- **Activity**
In this exercise, return only the lines that run from the line with "Song Lyrics Photo" to the end of the entries below, both included. Pictures are not copied.

Captioned web images:
####

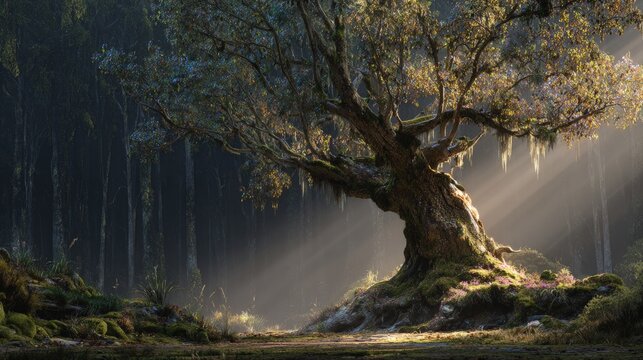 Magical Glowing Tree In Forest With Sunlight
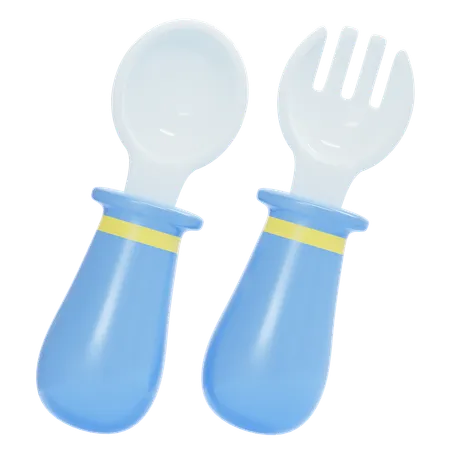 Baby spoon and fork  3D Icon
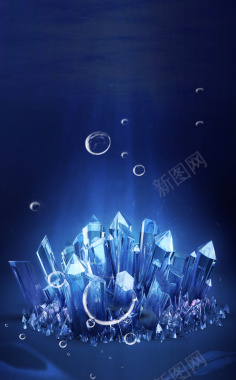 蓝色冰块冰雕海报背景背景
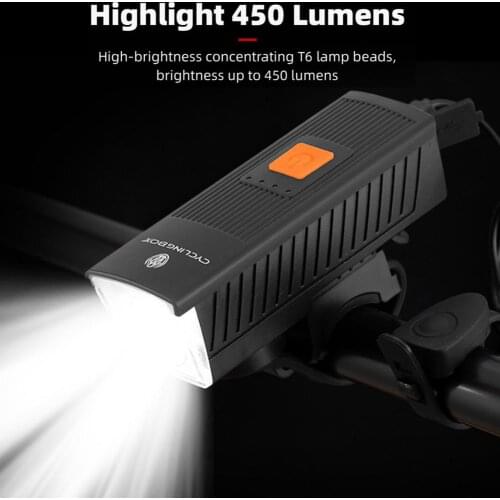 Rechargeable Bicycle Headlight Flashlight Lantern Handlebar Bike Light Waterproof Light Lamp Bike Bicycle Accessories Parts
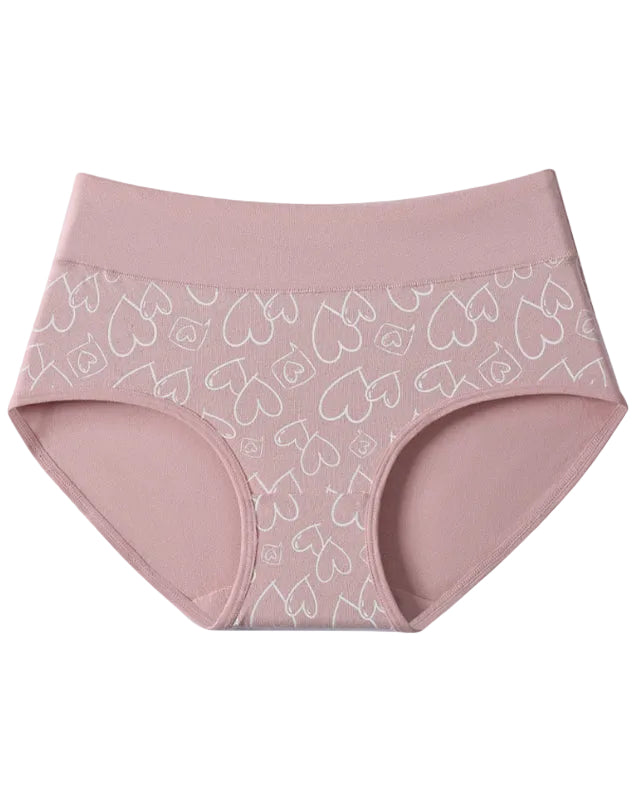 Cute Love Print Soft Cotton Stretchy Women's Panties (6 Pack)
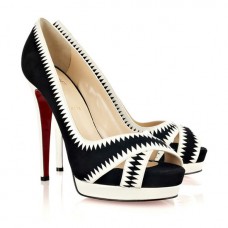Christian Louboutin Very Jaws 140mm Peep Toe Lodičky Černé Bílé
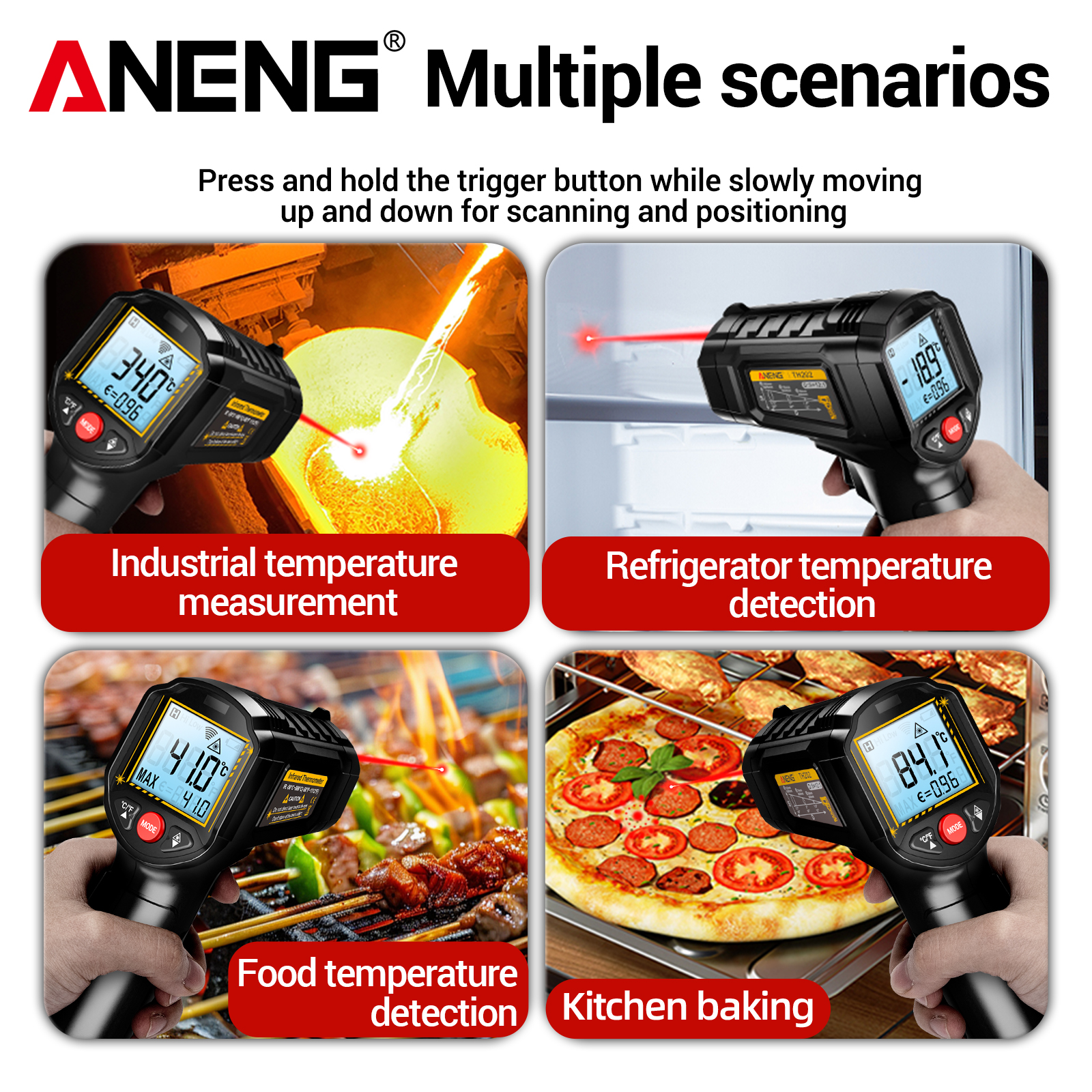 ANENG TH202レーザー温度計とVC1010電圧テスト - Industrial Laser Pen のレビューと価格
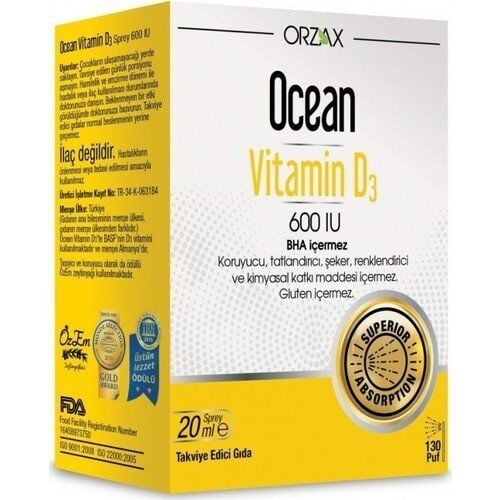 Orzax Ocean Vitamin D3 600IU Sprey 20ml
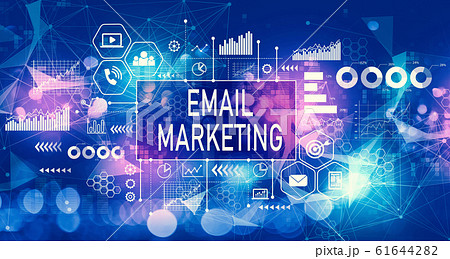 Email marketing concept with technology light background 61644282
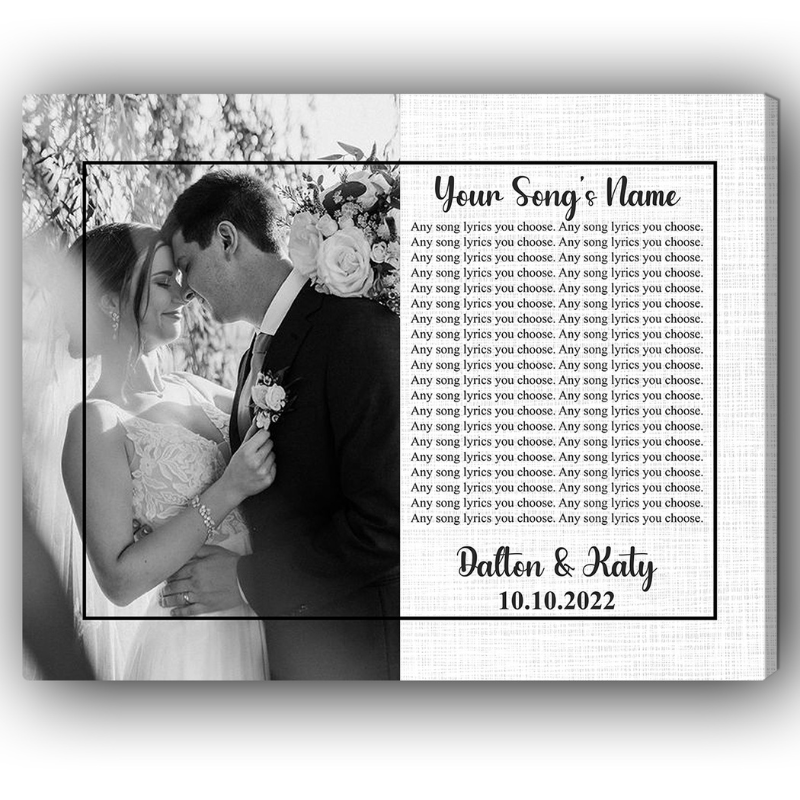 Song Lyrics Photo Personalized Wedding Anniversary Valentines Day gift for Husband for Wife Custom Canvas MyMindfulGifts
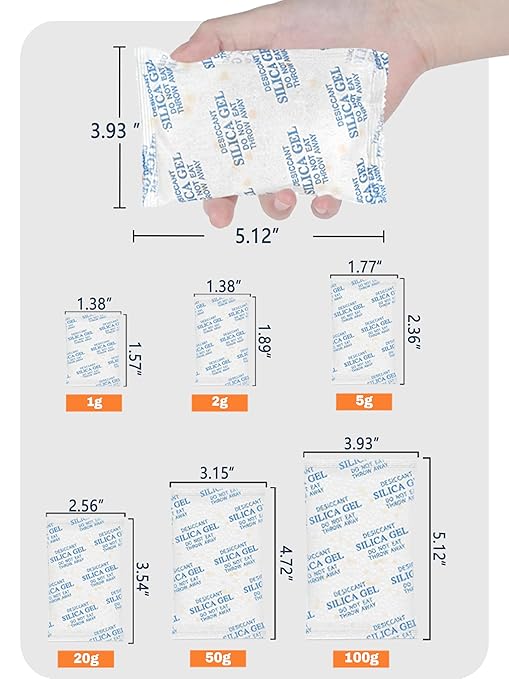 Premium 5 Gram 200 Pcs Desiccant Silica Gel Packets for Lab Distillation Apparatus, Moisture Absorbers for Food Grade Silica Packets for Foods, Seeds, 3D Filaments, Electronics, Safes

####

- **Response box**
 Song Lyrics Photo Personalized Wedding Anniversary Valentines Day gift for Husband for Wife Custom Canvas MyMindfulGifts
 Premium 5 Gram 200 Pcs Desiccant Silica Gel Packets for Lab Distillation Apparatus, Moisture Absorbers for Food Grade Silica Packets for Foods, Seeds, 3D Filaments, Electronics, Safes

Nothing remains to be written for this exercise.